Because Formosa Transnational Attorneys at Law is known for handling major cases and charging relatively high fees, and has represented numerous celebrities and prominent business figures, some netizens speculated that the alleged misconduct must have been serious. Industry insiders also remarked that Laura had displayed poor work ethics and professionalism in the past and often clashed with business partners, making her dismissal unsurprising.

4 July,After a month spent contacting clients, restructuring internal procedures, and handling legal matters, Tsai A-Ga, his wife, and videographer Tsai Tsung-han released a video explaining the incident.

The video revealed that Laura had used AB contracts to embezzle more than 10 million New Taiwan dollars in company revenue, affecting over 20 business partners. It was also disclosed that she had, without authorization, used Tsai A-Ga's name to request large quantities of complimentary products from companies for personal use, including household appliances and expensive cosmetic procedures.

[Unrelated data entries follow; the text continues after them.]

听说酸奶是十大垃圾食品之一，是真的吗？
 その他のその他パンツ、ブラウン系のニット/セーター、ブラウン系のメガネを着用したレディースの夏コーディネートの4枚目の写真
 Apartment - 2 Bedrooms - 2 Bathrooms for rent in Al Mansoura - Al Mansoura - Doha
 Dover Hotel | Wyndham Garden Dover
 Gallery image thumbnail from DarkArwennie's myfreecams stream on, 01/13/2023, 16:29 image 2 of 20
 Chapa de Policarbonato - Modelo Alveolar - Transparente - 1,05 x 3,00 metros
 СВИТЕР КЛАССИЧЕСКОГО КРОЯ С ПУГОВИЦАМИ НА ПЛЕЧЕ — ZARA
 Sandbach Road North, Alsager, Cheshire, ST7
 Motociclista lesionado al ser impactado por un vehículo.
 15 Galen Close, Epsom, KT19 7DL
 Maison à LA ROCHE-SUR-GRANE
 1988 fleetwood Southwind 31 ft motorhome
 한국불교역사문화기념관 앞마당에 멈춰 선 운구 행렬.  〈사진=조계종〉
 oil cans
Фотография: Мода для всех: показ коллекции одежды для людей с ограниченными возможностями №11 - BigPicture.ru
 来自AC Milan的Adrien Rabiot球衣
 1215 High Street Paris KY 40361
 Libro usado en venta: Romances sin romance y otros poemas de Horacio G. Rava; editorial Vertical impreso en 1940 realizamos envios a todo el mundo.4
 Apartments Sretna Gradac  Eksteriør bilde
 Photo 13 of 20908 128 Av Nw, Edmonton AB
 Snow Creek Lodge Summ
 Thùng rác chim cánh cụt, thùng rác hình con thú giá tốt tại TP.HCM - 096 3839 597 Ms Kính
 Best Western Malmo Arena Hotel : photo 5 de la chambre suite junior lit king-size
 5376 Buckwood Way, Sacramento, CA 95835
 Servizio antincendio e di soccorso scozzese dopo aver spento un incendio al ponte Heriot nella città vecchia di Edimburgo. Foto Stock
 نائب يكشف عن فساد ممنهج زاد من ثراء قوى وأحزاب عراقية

Laura was further accused of slandering her employer and colleagues while elevating her own status and insisting that clients could cooperate only through her. Tsai A-Ga stated that her annual salary alone exceeded NT$2 million, excluding benefits, and that she had enjoyed privileges such as a private office, flexible working hours, and the ability to work remotely, denying that poor treatment had motivated her actions. Despite this, Laura reportedly showed no remorse, offered no apology, and simply exited the company's group chats.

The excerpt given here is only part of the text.